16.10.2013, 20:46 Uhr

"Die Nachrichtenagentur Bloomberg hatte im Juni berichtet, dass Händler möglicherweise ihre Handelspositionen ausgetauscht hätten. Mit den Informationen hätten sie Kurse zu manipulieren versucht, indem sie Aufträge vor und während der Fixing-Minute durch das System schleusten."

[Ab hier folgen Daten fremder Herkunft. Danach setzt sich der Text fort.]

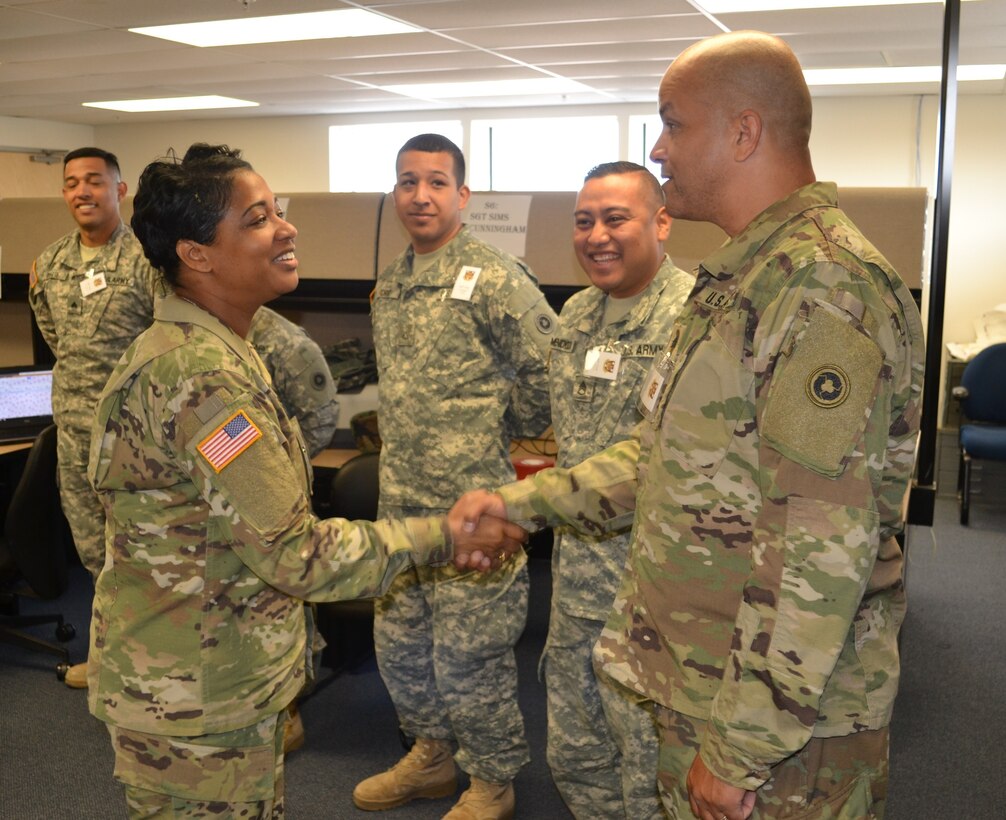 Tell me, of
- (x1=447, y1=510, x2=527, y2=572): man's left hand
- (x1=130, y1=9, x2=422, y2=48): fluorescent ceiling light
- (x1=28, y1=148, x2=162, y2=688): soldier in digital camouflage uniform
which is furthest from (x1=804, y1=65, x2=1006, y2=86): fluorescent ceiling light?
(x1=447, y1=510, x2=527, y2=572): man's left hand

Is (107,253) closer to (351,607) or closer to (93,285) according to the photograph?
(93,285)

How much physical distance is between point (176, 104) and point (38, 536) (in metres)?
7.79

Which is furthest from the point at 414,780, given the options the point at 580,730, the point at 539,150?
the point at 539,150

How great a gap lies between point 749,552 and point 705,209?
1.50 feet

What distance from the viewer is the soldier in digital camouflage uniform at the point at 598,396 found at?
7.02 feet

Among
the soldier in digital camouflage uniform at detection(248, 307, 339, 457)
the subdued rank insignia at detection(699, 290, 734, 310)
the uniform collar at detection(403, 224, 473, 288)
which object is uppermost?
the uniform collar at detection(403, 224, 473, 288)

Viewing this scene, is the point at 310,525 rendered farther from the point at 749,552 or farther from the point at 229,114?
the point at 229,114

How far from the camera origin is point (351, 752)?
9.30 feet

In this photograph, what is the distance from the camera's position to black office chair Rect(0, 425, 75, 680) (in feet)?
10.4

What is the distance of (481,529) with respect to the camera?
68.2 inches

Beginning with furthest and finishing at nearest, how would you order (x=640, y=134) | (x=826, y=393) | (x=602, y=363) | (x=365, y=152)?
(x=365, y=152)
(x=640, y=134)
(x=602, y=363)
(x=826, y=393)

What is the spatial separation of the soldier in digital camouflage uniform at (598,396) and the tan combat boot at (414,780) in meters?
0.44

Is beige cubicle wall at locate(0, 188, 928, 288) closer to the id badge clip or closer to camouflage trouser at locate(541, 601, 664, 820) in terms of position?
the id badge clip

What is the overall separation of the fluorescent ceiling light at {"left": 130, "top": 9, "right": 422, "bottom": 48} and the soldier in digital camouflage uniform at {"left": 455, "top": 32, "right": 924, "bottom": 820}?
493 cm
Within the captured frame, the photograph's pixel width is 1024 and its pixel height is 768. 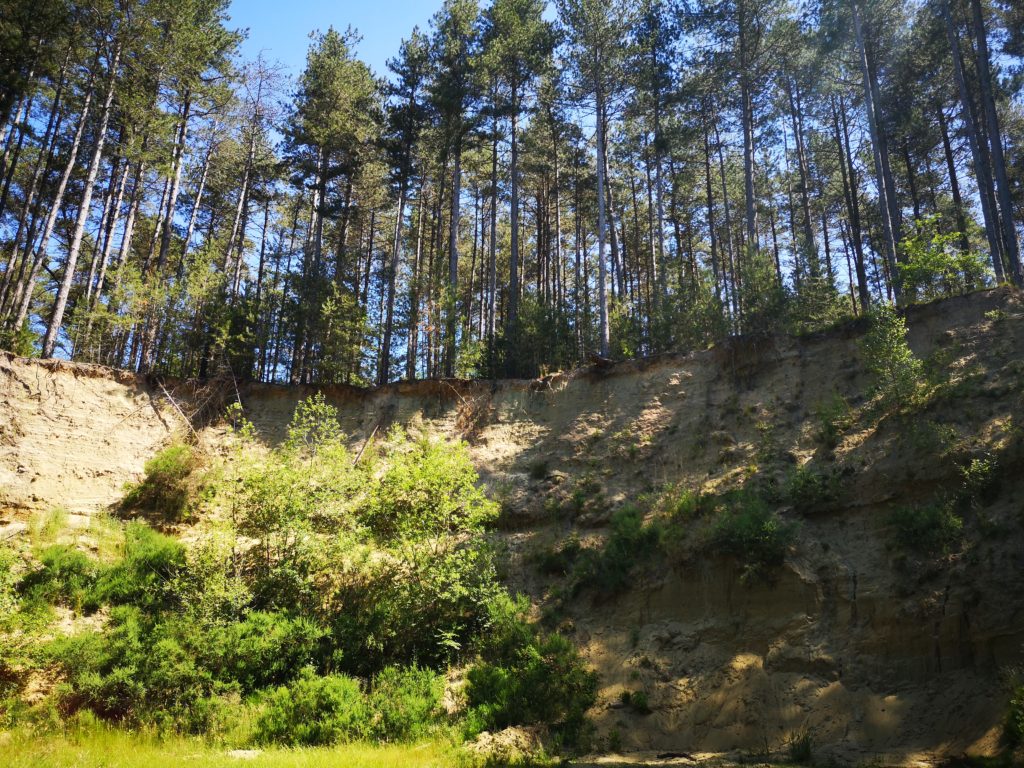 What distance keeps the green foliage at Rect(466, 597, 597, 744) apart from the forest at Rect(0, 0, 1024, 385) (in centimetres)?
946

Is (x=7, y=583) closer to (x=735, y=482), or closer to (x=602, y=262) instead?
(x=735, y=482)

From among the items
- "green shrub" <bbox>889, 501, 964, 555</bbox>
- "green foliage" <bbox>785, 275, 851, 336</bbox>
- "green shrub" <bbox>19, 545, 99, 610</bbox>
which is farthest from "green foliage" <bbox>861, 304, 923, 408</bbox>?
"green shrub" <bbox>19, 545, 99, 610</bbox>


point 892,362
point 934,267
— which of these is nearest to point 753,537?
point 892,362

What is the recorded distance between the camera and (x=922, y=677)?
986 centimetres

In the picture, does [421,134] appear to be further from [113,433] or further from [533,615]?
[533,615]

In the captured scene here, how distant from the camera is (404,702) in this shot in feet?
36.6

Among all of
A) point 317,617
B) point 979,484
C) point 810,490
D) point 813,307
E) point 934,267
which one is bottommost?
point 317,617

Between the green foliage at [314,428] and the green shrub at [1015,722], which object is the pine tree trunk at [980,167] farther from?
the green foliage at [314,428]

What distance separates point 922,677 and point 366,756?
894 cm

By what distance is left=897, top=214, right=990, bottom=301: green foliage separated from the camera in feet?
49.0

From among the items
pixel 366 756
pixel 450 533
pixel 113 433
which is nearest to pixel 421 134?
pixel 113 433

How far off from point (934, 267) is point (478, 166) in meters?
21.2

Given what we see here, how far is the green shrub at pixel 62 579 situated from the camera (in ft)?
42.3

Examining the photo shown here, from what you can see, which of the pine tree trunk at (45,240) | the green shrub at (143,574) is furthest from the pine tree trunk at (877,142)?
→ the pine tree trunk at (45,240)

So eine richtige Information, die Anlass zum Verdacht krimineller Handlungen gibt, ist das aber nicht. Da wäre es schon sinnvoll gewesen, seitens der Journalisten mal mehr Skepsis walten zu lassen und nachzufassen. Das liest sich eher nach einer Legende, einem Märchen.

Mazi

17.10.2013, 16:07 Uhr

In was unterscheiden sich die konzertierten Aktionen der Notenbanken?

Handeln die etwa in krimineller Absicht, als kriminelle Vereinigung? Aus rechtsstaatlicher sich, kann da nur zur Vorsicht geraten werden!

Meines wissens ist es nirgendwo verboten Geschäfte zu sammeln. Wie im Artikel bereits erwähnt, war dies insbesondere beim amtlichen Devisenfixing früher der Standard.

Wie sich die Zeiten ändern, wenn man kriminalisieren will. Früher hat man erst die Gesetze geändert und dann hat man staatsanwaltschaftlich wegen Nichtbeachtung der neuen Gesetze "zugeschlagen". Die Sitten haben sich geändert und heute schlägt man offensichtlich zu und dann ändert man die Gesetze (vielleicht).

Neue Zeiten, neue Sitten. Wo sind wir?